12

Given these file names:

$ ls -1
file
file name
otherfile

bash itself does perfectly fine with embedded whitespace:

$ for file in *; do echo "$file"; done
file
file name
otherfile
$ select file in *; do echo "$file"; done
1) file
2) file name
3) otherfile
#?

However, sometimes I might not want to work with every file, or even strictly in $PWD, which is where find comes in. Which also handles whitespace nominally:

$ find -type f -name file\*
./file
./file name
./directory/file
./directory/file name

I'm trying to concoct a whispace-safe version of this scriptlet which will take the output of find and present it into select:

$ select file in $(find -type f -name file); do echo $file; break; done
1) ./file
2) ./directory/file

However, this explodes with whitespace in the filenames:

$ select file in $(find -type f -name file\*); do echo $file; break; done
1) ./file        3) name          5) ./directory/file
2) ./file        4) ./directory/file  6) name

Ordinarily, I would get around this by messing around with IFS. However:

$ IFS=$'\n' select file in $(find -type f -name file\*); do echo $file; break; done
-bash: syntax error near unexpected token `do'
$ IFS='\n' select file in $(find -type f -name file\*); do echo $file; break; done
-bash: syntax error near unexpected token `do'

What is the solution to this?

DopeGhoti
  • 76,081

4 Answers4

15

If you only need to handle spaces and tabs (not embedded newlines) then you can use mapfile (or its synonym, readarray) to read into an array e.g. given

$ ls -1
file
other file
somefile

then

$ IFS= mapfile -t files < <(find . -type f)
$ select f in "${files[@]}"; do ls "$f"; break; done
1) ./file
2) ./somefile
3) ./other file
#? 3
./other file

If you do need to handle newlines, and your bash version provides a null-delimited mapfile1, then you can modify that to IFS= mapfile -t -d '' files < <(find . -type f -print0) . Otherwise, assemble an equivalent array from null-delimited find output using a read loop:

$ touch $'filename\nwith\nnewlines'
$ 
$ files=()
$ while IFS= read -r -d '' f; do files+=("$f"); done < <(find . -type f -print0)
$ 
$ select f in "${files[@]}"; do ls "$f"; break; done
1) ./file
2) ./somefile
3) ./other file
4) ./filename
with
newlines
#? 4
./filename?with?newlines

1 the -d option was added to mapfile in bash version 4.4 iirc

steeldriver
  • 81,074
  • 2
    +1 for another verb I've not used before – Chris Davies Jul 13 '17 at 17:33
  • Indeed, mapfile is a new one to me also. Kudos. – DopeGhoti Jul 13 '17 at 17:48
  • The while IFS= read version works back in bash v3 (which is important for those of us using macOS). – Gordon Davisson Jul 13 '17 at 19:39
  • 4
    +1 for the find -print0 variant; grumble for putting it after a known-incorrect version, and describing it only for use if one knows that they need to handle newlines. If one only handles the unexpected in places where it's expected, one will never be handling the unexpected at all. – Charles Duffy Jul 13 '17 at 20:35
8

This answer has solutions for any type of files. With newlines or spaces.
There are solutions for recent bash as well as ancient bash and even old posix shells.

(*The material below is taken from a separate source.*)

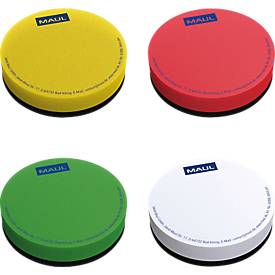 MAUL Tafelwischer MAULdot vilt 10 stuks 9.2 x 9.2 x 2.1 cm wit rood geel groen zwart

The tree listed down below in this answer[1] is used for the tests.

select

It is easy to get select to work either with an array:

$ dir='deep/inside/a/dir'
$ arr=( "$dir"/* )
$ select var in "${arr[@]}"; do echo "$var"; break; done

Or with the positional parameters:

$ set -- "$dir"/*
$ select var; do echo "$var"; break; done

So, the only real problem is to get the "list of files" (correctly delimited) inside an array or inside the Positional Parameters. Keep reading.

bash

I don't see the problem you report with bash. Bash is able to search inside a given directory:

$ dir='deep/inside/a/dir'
$ printf '<%s>\n' "$dir"/*
<deep/inside/a/dir/directory>
<deep/inside/a/dir/file>
<deep/inside/a/dir/file name>
<deep/inside/a/dir/file with a
newline>
<deep/inside/a/dir/zz last file>

Or, if you like a loop:

$ set -- "$dir"/*
$ for f; do printf '<%s>\n' "$f"; done
<deep/inside/a/dir/directory>
<deep/inside/a/dir/file>
<deep/inside/a/dir/file name>
<deep/inside/a/dir/file with a
newline>
<deep/inside/a/dir/zz last file>

Note that the syntax above will work correctly with any (reasonable) shell ( not csh at least).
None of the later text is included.